*RECORDS SUPPLIED*
===============

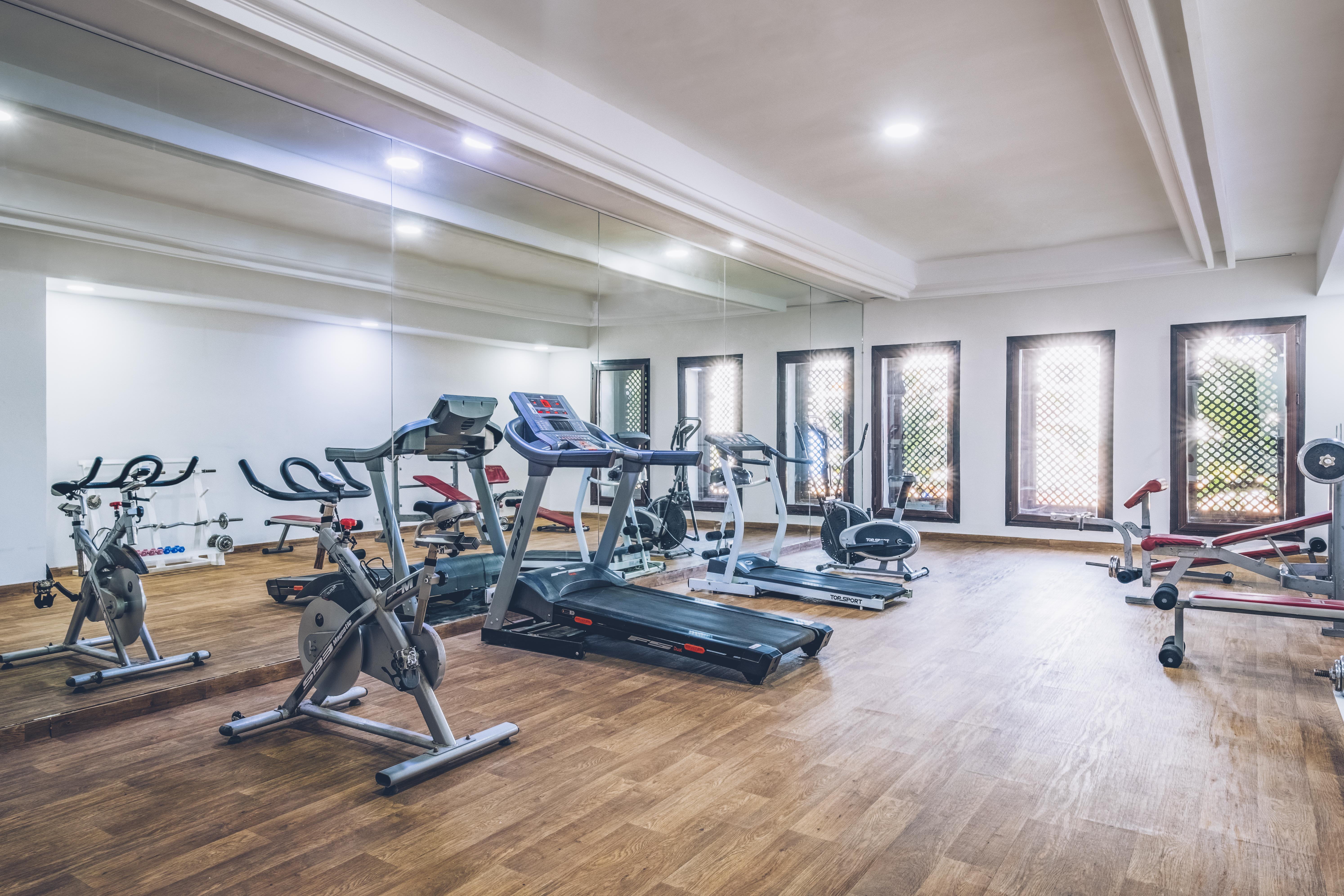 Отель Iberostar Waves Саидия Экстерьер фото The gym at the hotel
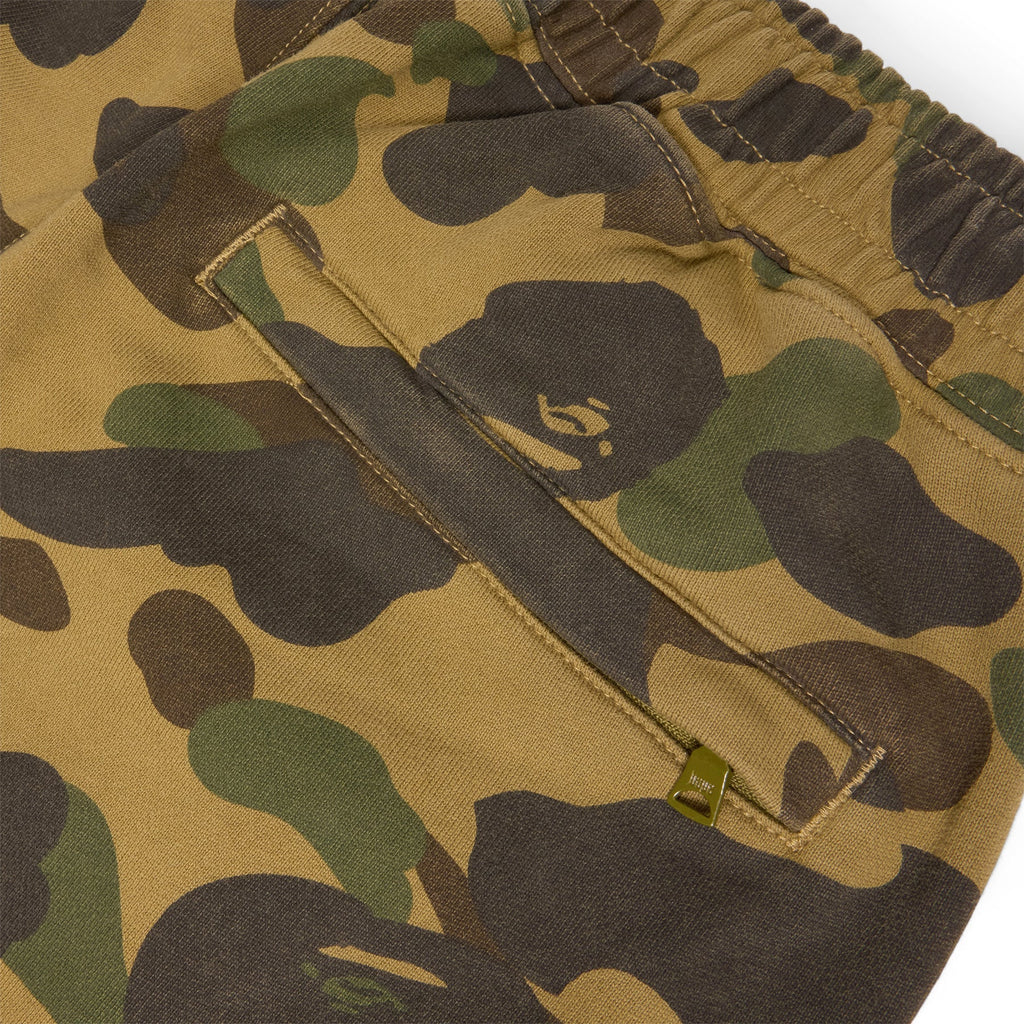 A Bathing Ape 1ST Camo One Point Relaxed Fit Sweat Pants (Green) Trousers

===============

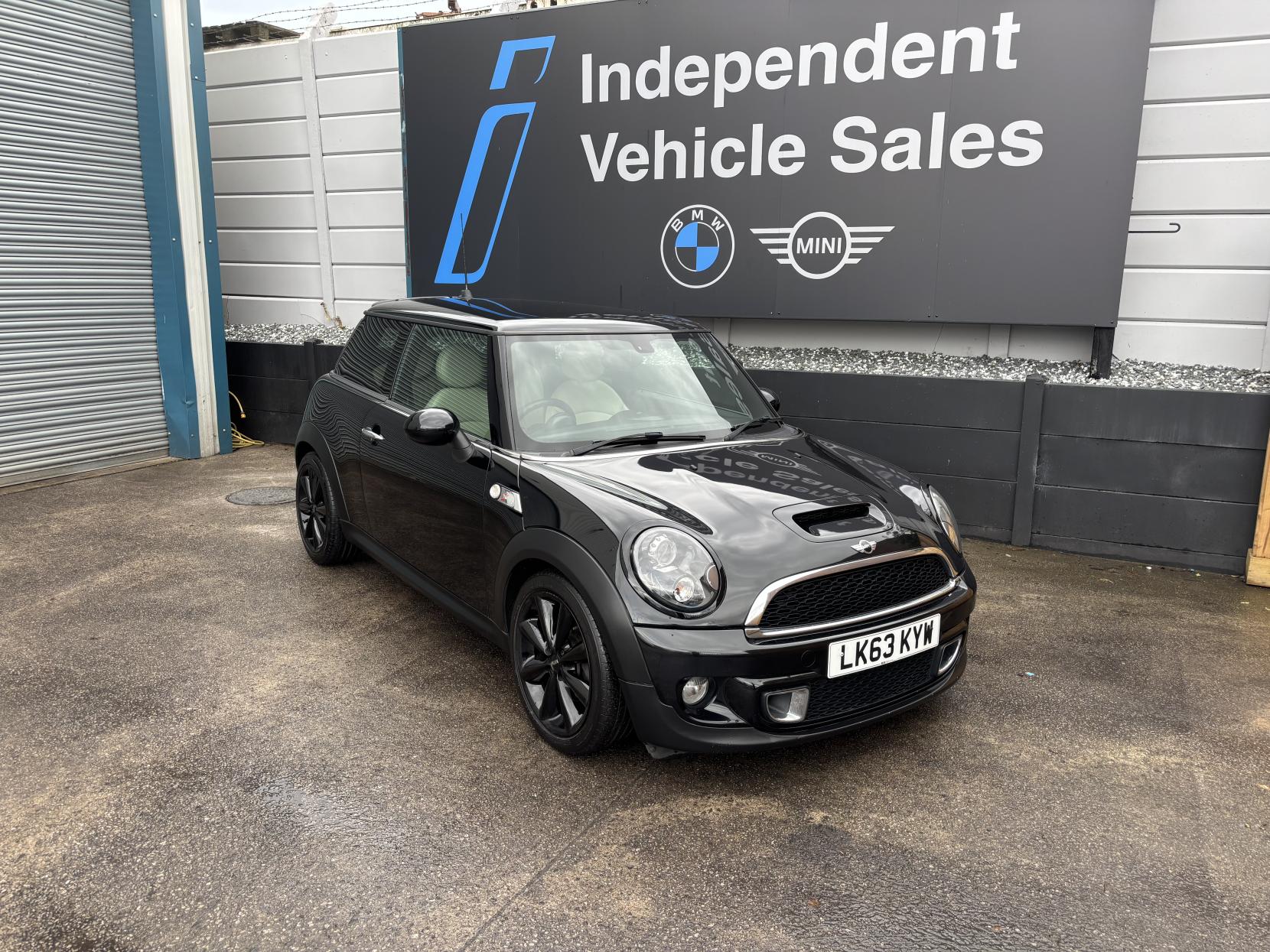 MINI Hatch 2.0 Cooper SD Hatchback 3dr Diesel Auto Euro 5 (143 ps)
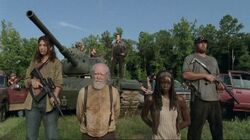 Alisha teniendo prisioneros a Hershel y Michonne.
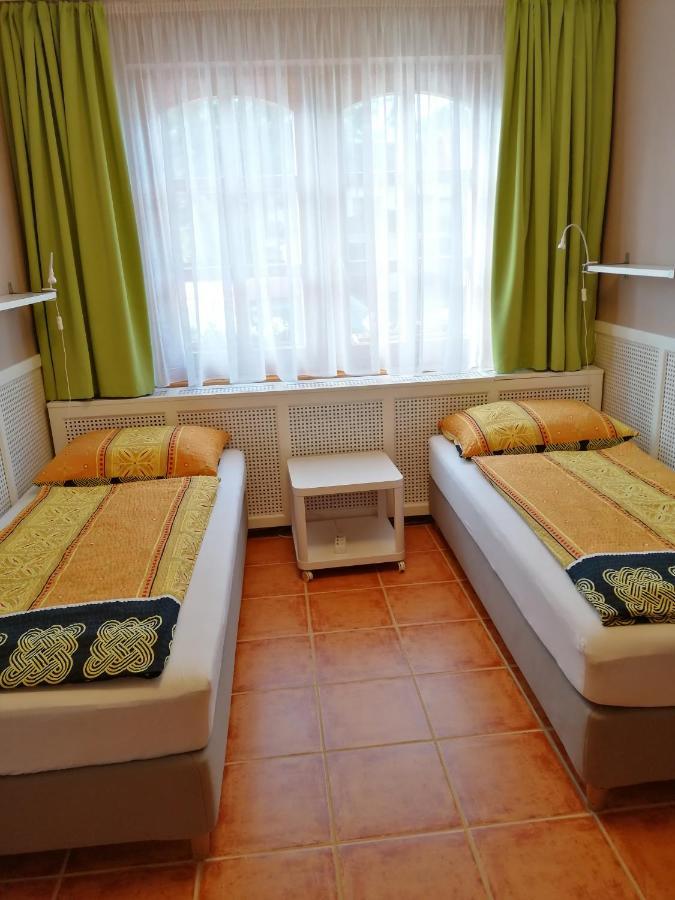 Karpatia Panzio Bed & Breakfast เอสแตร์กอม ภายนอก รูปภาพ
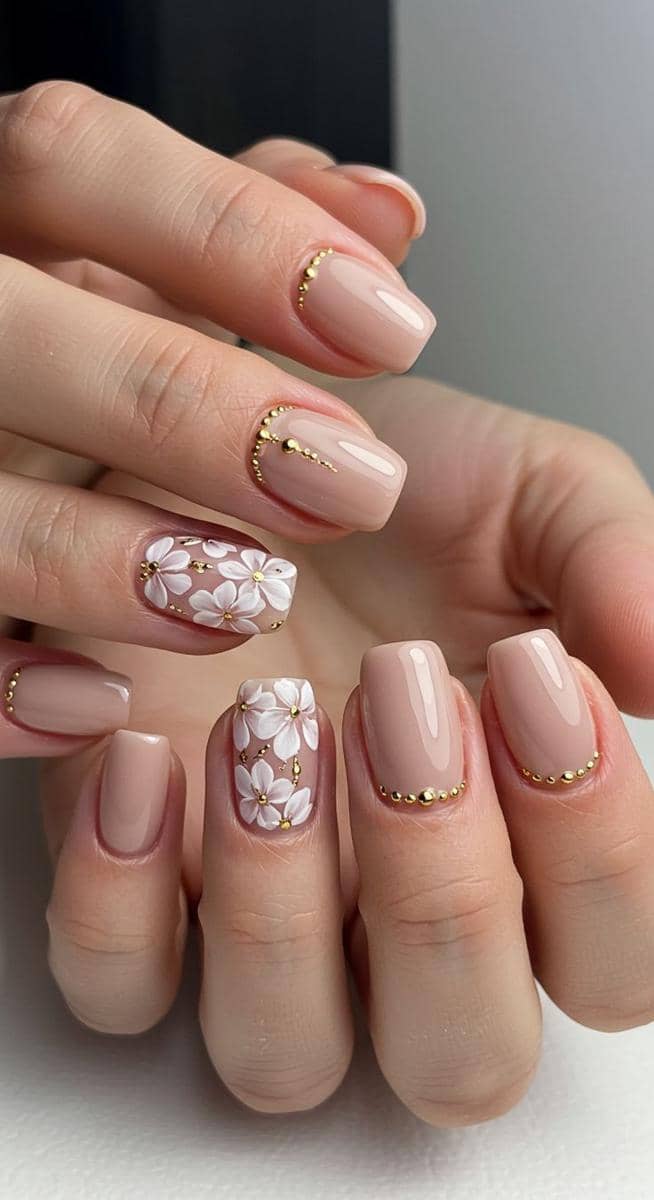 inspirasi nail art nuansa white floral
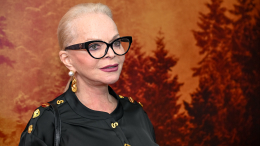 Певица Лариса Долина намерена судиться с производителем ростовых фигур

===============

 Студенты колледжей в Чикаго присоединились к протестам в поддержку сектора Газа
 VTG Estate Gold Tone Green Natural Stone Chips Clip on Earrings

===============

*TRY IT*
Copy word for word only the lines above from the one with "Karpatia Panzio Bed" through the one with "Певица Лариса Долина". Leave pictures out.

*YOUR SOLUTION*
 Karpatia Panzio Bed & Breakfast เอสแตร์กอม ภายนอก รูปภาพ
 inspirasi nail art nuansa white floral
 Певица Лариса Долина намерена судиться с производителем ростовых фигур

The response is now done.